=== RECORD SET ===

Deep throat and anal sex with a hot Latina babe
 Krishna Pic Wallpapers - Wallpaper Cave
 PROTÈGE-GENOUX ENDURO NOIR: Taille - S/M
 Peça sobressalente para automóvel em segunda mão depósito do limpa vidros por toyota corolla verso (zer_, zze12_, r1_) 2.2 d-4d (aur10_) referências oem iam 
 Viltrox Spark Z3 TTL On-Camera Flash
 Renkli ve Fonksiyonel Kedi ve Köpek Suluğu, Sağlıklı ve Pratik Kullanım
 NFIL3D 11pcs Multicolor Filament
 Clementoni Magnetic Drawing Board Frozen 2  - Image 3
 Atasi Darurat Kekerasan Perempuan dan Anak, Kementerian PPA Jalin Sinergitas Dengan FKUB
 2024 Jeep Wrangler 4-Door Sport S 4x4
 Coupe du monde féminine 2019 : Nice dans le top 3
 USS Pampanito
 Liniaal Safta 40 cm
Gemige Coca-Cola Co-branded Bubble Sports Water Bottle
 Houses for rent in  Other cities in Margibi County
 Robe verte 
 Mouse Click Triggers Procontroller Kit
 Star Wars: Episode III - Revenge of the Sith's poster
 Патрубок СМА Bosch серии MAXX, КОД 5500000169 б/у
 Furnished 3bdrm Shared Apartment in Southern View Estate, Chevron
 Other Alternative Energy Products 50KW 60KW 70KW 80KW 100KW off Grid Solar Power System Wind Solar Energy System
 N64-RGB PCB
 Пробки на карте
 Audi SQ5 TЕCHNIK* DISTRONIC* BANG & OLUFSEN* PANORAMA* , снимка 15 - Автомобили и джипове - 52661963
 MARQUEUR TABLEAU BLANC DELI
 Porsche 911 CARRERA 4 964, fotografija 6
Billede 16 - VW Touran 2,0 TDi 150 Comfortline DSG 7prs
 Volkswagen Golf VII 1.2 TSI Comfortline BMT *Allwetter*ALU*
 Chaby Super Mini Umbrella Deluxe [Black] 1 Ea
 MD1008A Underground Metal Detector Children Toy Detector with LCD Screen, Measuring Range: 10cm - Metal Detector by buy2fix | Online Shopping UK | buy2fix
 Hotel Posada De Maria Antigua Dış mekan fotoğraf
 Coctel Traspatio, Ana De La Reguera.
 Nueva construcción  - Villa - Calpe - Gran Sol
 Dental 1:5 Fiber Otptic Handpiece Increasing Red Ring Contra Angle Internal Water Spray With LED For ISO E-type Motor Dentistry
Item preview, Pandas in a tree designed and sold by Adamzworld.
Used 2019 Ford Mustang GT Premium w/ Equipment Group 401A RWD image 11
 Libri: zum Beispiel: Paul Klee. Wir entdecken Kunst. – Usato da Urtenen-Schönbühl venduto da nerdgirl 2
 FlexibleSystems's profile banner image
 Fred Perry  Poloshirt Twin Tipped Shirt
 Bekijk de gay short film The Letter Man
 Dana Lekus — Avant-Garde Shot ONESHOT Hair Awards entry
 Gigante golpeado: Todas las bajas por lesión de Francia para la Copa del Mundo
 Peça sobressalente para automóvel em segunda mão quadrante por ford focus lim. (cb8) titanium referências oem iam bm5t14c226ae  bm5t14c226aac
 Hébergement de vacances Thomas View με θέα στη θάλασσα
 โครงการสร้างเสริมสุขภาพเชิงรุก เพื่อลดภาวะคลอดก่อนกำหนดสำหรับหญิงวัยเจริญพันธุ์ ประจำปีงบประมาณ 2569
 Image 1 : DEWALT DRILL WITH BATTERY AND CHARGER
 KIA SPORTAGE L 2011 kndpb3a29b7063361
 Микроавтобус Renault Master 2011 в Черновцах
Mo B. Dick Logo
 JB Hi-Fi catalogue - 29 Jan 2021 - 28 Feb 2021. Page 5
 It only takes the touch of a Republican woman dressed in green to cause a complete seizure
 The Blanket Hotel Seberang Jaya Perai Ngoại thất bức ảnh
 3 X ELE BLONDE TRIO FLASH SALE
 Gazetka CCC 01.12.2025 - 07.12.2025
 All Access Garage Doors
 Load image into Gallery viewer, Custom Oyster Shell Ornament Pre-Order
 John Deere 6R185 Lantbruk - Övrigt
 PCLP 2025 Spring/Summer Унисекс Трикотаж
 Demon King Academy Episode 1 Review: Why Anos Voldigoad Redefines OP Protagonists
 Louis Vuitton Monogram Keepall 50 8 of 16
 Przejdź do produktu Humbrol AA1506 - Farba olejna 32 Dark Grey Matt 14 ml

===

- _WHAT TO WORK ON_
Please write the listing out again, matching each line exactly.

- _OUTPUT_
Deep throat and anal sex with a hot Latina babe
 Krishna Pic Wallpapers - Wallpaper Cave
 PROTÈGE-GENOUX ENDURO NOIR: Taille - S/M
 Peça sobressalente para automóvel em segunda mão depósito do limpa vidros por toyota corolla verso (zer_, zze12_, r1_) 2.2 d-4d (aur10_) referências oem iam 
 Viltrox Spark Z3 TTL On-Camera Flash
 Renkli ve Fonksiyonel Kedi ve Köpek Suluğu, Sağlıklı ve Pratik Kullanım
 NFIL3D 11pcs Multicolor Filament
 Clementoni Magnetic Drawing Board Frozen 2  - Image 3
 Atasi Darurat Kekerasan Perempuan dan Anak, Kementerian PPA Jalin Sinergitas Dengan FKUB
 2024 Jeep Wrangler 4-Door Sport S 4x4
 Coupe du monde féminine 2019 : Nice dans le top 3
 USS Pampanito
 Liniaal Safta 40 cm
Gemige Coca-Cola Co-branded Bubble Sports Water Bottle
 Houses for rent in  Other cities in Margibi County
 Robe verte 
 Mouse Click Triggers Procontroller Kit
 Star Wars: Episode III - Revenge of the Sith's poster
 Патрубок СМА Bosch серии MAXX, КОД 5500000169 б/у
 Furnished 3bdrm Shared Apartment in Southern View Estate, Chevron
 Other Alternative Energy Products 50KW 60KW 70KW 80KW 100KW off Grid Solar Power System Wind Solar Energy System
 N64-RGB PCB
 Пробки на карте
 Audi SQ5 TЕCHNIK* DISTRONIC* BANG & OLUFSEN* PANORAMA* , снимка 15 - Автомобили и джипове - 52661963
 MARQUEUR TABLEAU BLANC DELI
 Porsche 911 CARRERA 4 964, fotografija 6
Billede 16 - VW Touran 2,0 TDi 150 Comfortline DSG 7prs
 Volkswagen Golf VII 1.2 TSI Comfortline BMT *Allwetter*ALU*
 Chaby Super Mini Umbrella Deluxe [Black] 1 Ea
 MD1008A Underground Metal Detector Children Toy Detector with LCD Screen, Measuring Range: 10cm - Metal Detector by buy2fix | Online Shopping UK | buy2fix
 Hotel Posada De Maria Antigua Dış mekan fotoğraf
 Coctel Traspatio, Ana De La Reguera.
 Nueva construcción  - Villa - Calpe - Gran Sol
 Dental 1:5 Fiber Otptic Handpiece Increasing Red Ring Contra Angle Internal Water Spray With LED For ISO E-type Motor Dentistry
Item preview, Pandas in a tree designed and sold by Adamzworld.
Used 2019 Ford Mustang GT Premium w/ Equipment Group 401A RWD image 11
 Libri: zum Beispiel: Paul Klee. Wir entdecken Kunst. – Usato da Urtenen-Schönbühl venduto da nerdgirl 2
 FlexibleSystems's profile banner image
 Fred Perry  Poloshirt Twin Tipped Shirt
 Bekijk de gay short film The Letter Man
 Dana Lekus — Avant-Garde Shot ONESHOT Hair Awards entry
 Gigante golpeado: Todas las bajas por lesión de Francia para la Copa del Mundo
 Peça sobressalente para automóvel em segunda mão quadrante por ford focus lim. (cb8) titanium referências oem iam bm5t14c226ae  bm5t14c226aac
 Hébergement de vacances Thomas View με θέα στη θάλασσα
 โครงการสร้างเสริมสุขภาพเชิงรุก เพื่อลดภาวะคลอดก่อนกำหนดสำหรับหญิงวัยเจริญพันธุ์ ประจำปีงบประมาณ 2569
 Image 1 : DEWALT DRILL WITH BATTERY AND CHARGER
 KIA SPORTAGE L 2011 kndpb3a29b7063361
 Микроавтобус Renault Master 2011 в Черновцах
Mo B. Dick Logo
 JB Hi-Fi catalogue - 29 Jan 2021 - 28 Feb 2021. Page 5
 It only takes the touch of a Republican woman dressed in green to cause a complete seizure
 The Blanket Hotel Seberang Jaya Perai Ngoại thất bức ảnh
 3 X ELE BLONDE TRIO FLASH SALE
 Gazetka CCC 01.12.2025 - 07.12.2025
 All Access Garage Doors
 Load image into Gallery viewer, Custom Oyster Shell Ornament Pre-Order
 John Deere 6R185 Lantbruk - Övrigt
 PCLP 2025 Spring/Summer Унисекс Трикотаж
 Demon King Academy Episode 1 Review: Why Anos Voldigoad Redefines OP Protagonists
 Louis Vuitton Monogram Keepall 50 8 of 16
 Przejdź do produktu Humbrol AA1506 - Farba olejna 32 Dark Grey Matt 14 ml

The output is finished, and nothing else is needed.